* _Exercise prompt_
Only the lines of the listing below that run from the line with "sunglasses - Picture 2 of 2" through the line with "Portuguese Duplex Cottage Suite" are to be set down, word for word. Pictures stay out.

* _Supplied material_
━━━

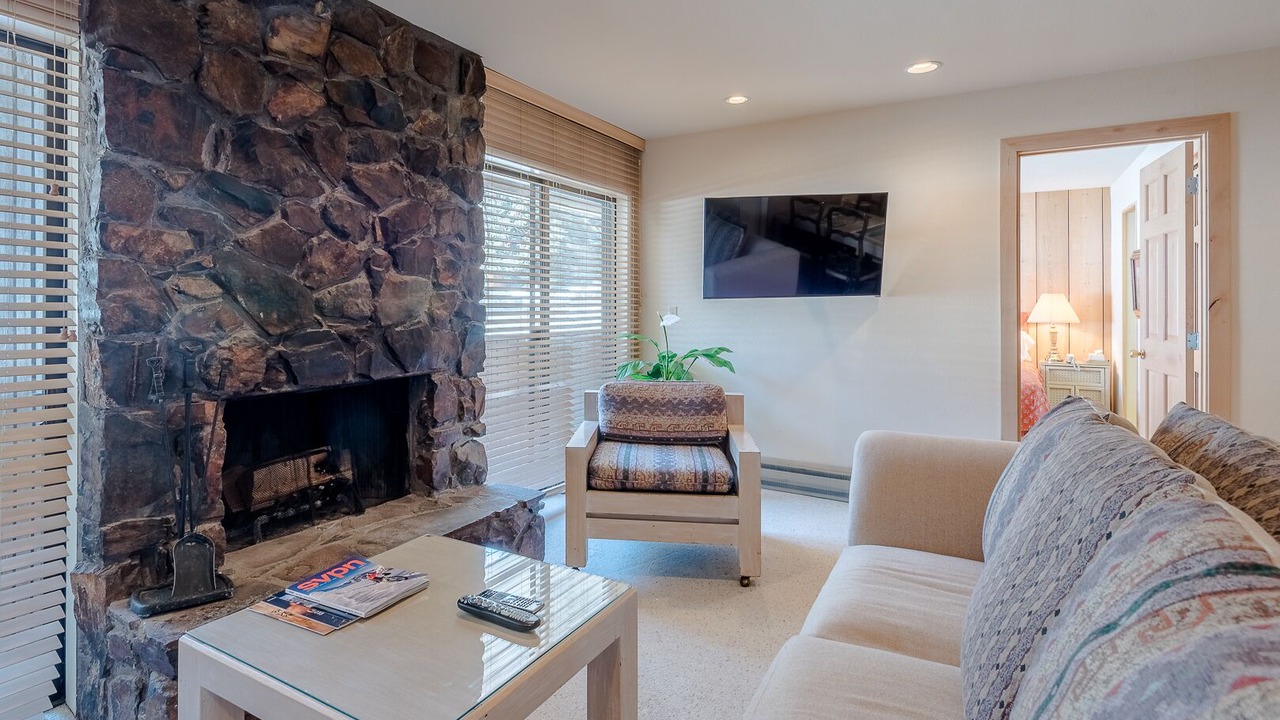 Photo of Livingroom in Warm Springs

━━━

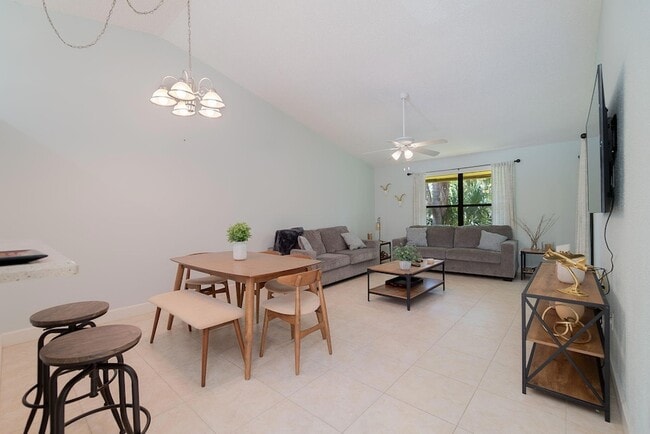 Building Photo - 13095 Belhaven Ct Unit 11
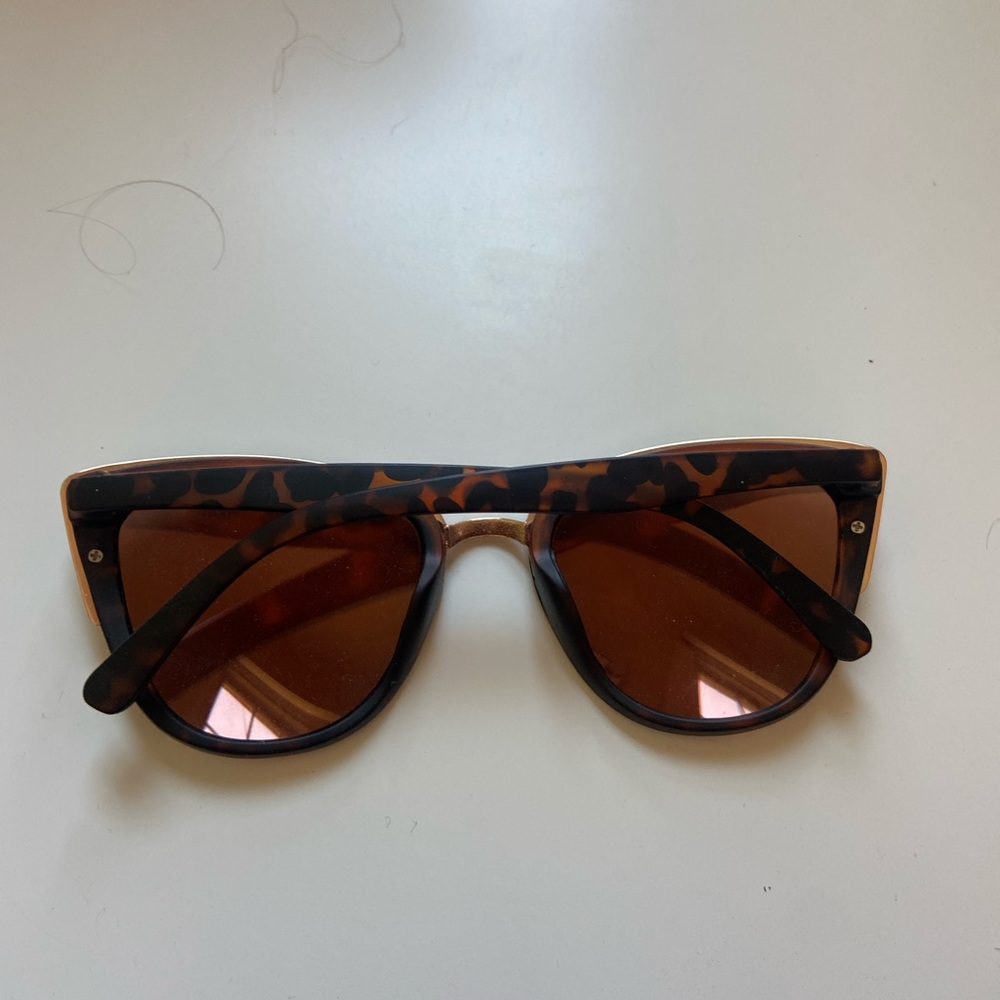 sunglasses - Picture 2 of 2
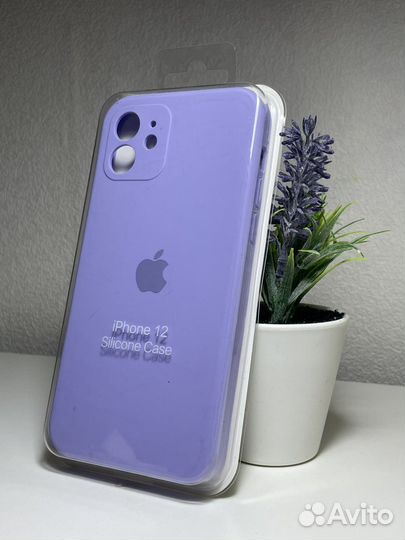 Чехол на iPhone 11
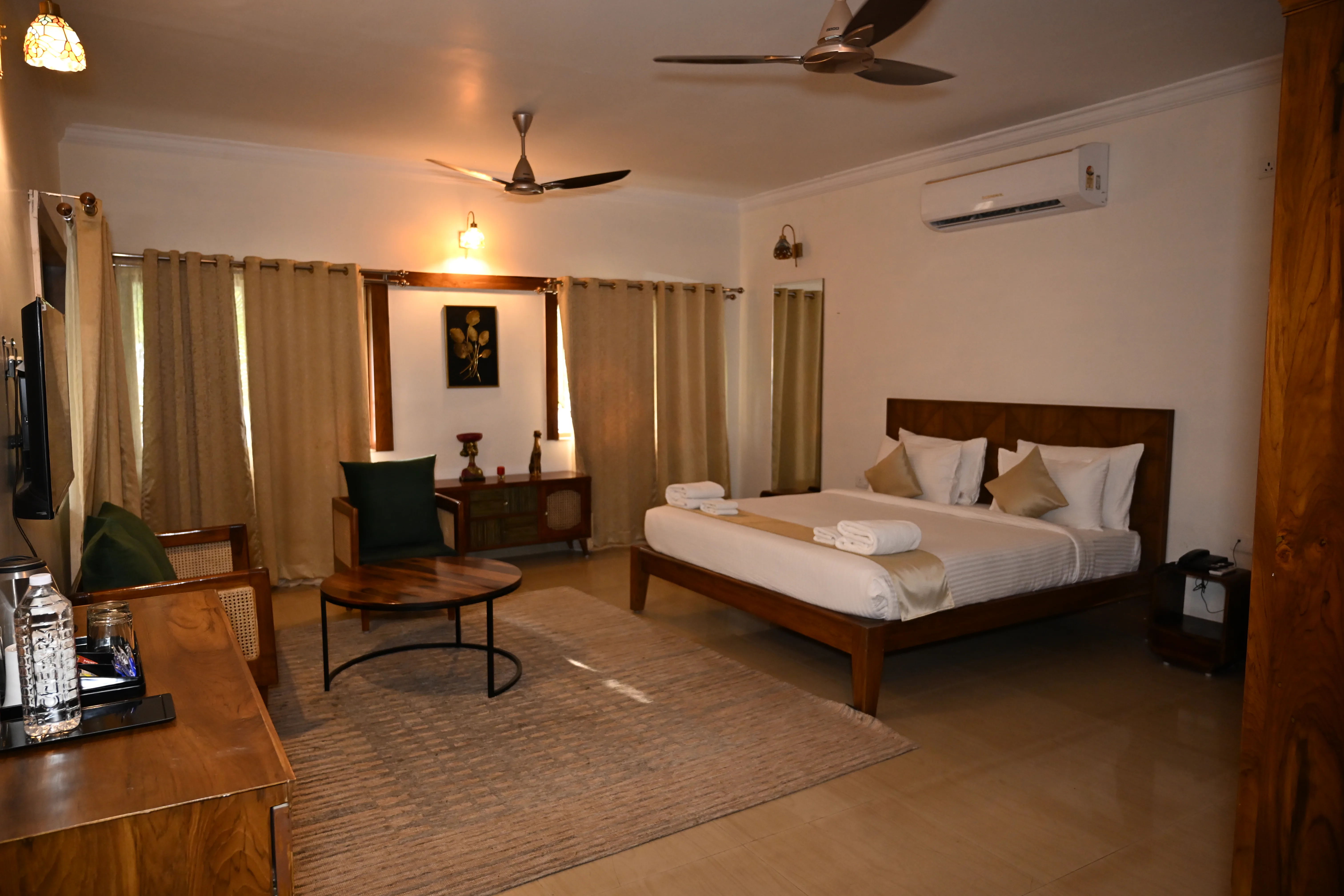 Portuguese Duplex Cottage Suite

━━━

* _Task answer_
 sunglasses - Picture 2 of 2
 Чехол на iPhone 11
 Portuguese Duplex Cottage Suite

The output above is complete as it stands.